§ Activity: Return all the lines below exactly as written. Drop every picture.

§ Image-text web data:

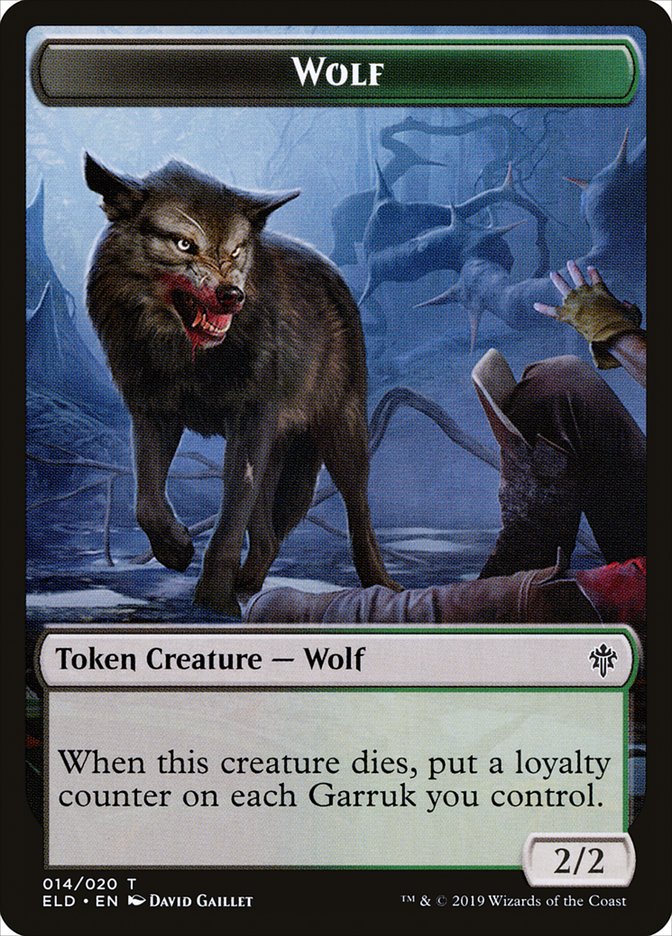 Wolf Token [Throne of Eldraine Tokens] | The CG Realm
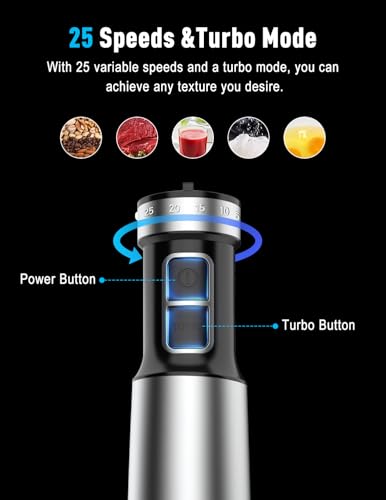 1000W Powerful Immersion Blender handheld, 2026 New Update Hand Blender with 25-Speed, Scratch-Resistant Corded Hand Mixer with Heavy-Duty Copper Brushless Motor and Gift Box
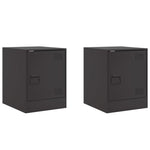 ZNTS Bedside Cabinets 2pcs Black 34.5x39x44 cm Steel 841608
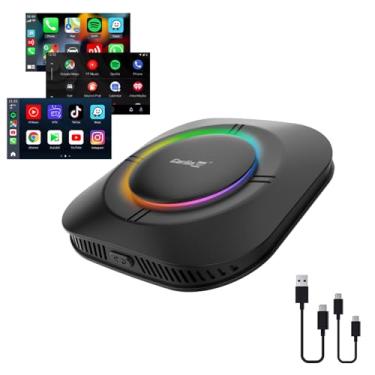 Imagem de Carlinkit Adaptador sem fio CarPlay Android 13.0, 2025 Android 13.0 Ai Box 8 núcleos 4 + 64 GB, compatível com NetfIix/YouTube/Play Store, para carros automotivos com fio OEM ou Android com fio OEM
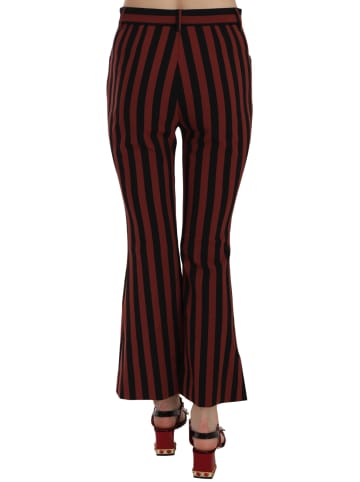 Dolce & Gabbana Schwarz Amarant Streifen Cropped ausgestellt Hose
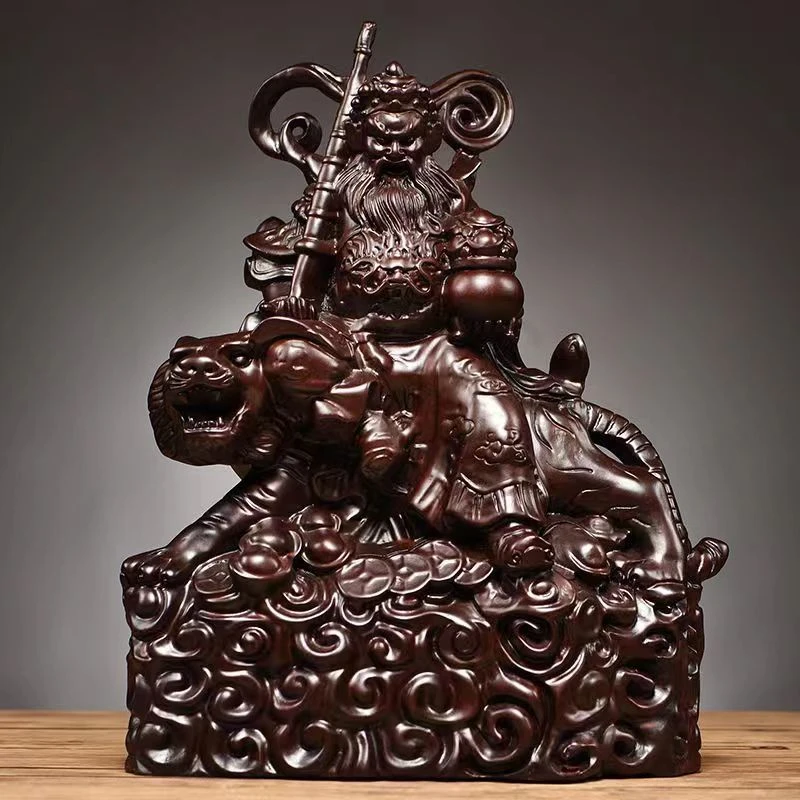 黑檀木雕赵公元帅财神骑虎赵公明神像摆件家居客厅公司装饰工艺品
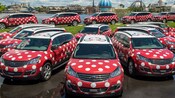 Several polka-dotted SUVs parked along the Disney Springs waterfront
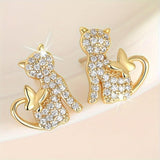 Golden Cat Zirconia Butterfly Stud Earrings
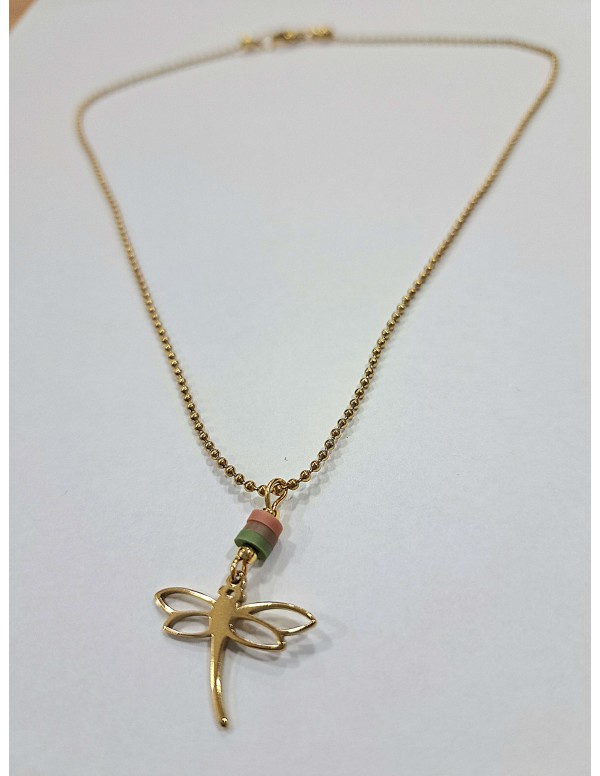COLGANTE DORADO LIBÉLULA CUENTAS TONOS ROSAS 2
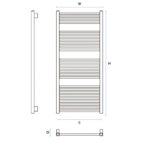 Dizajnový radiátor kúpeľňový RECTA ARE 950 x 450, 394W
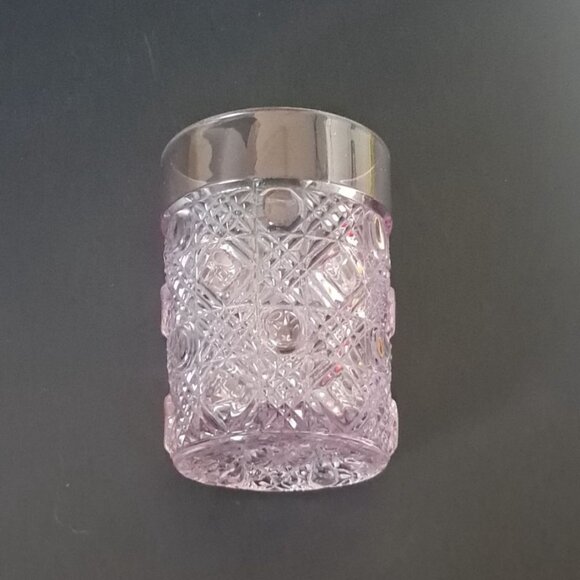 Vintage Purple Cut Glass Tumbler With Intricate Geometric Pattern - Picture 10 of 13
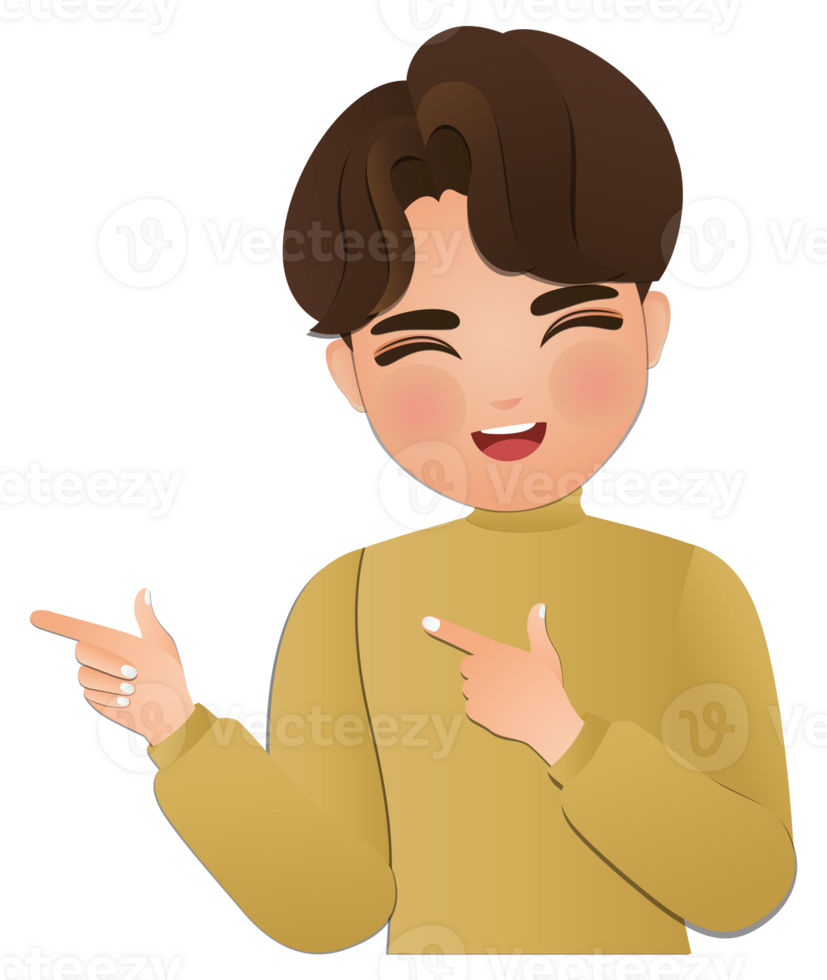 Cute cartoon Young man smiling to while presenting with hand and pointing with finger png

§ Written response:
 Wolf Token [Throne of Eldraine Tokens] | The CG Realm
 1000W Powerful Immersion Blender handheld, 2026 New Update Hand Blender with 25-Speed, Scratch-Resistant Corded Hand Mixer with Heavy-Duty Copper Brushless Motor and Gift Box
 ZNTS Bedside Cabinets 2pcs Black 34.5x39x44 cm Steel 841608
 Imagem de Carlinkit Adaptador sem fio CarPlay Android 13.0, 2025 Android 13.0 Ai Box 8 núcleos 4 + 64 GB, compatível com NetfIix/YouTube/Play Store, para carros automotivos com fio OEM ou Android com fio OEM
 Dolce & Gabbana Schwarz Amarant Streifen Cropped ausgestellt Hose
 黑檀木雕赵公元帅财神骑虎赵公明神像摆件家居客厅公司装饰工艺品
 Several polka-dotted SUVs parked along the Disney Springs waterfront
 Golden Cat Zirconia Butterfly Stud Earrings
COLGANTE DORADO LIBÉLULA CUENTAS TONOS ROSAS 2
 Dizajnový radiátor kúpeľňový RECTA ARE 950 x 450, 394W
 Vintage Purple Cut Glass Tumbler With Intricate Geometric Pattern - Picture 10 of 13
 Cute cartoon Young man smiling to while presenting with hand and pointing with finger png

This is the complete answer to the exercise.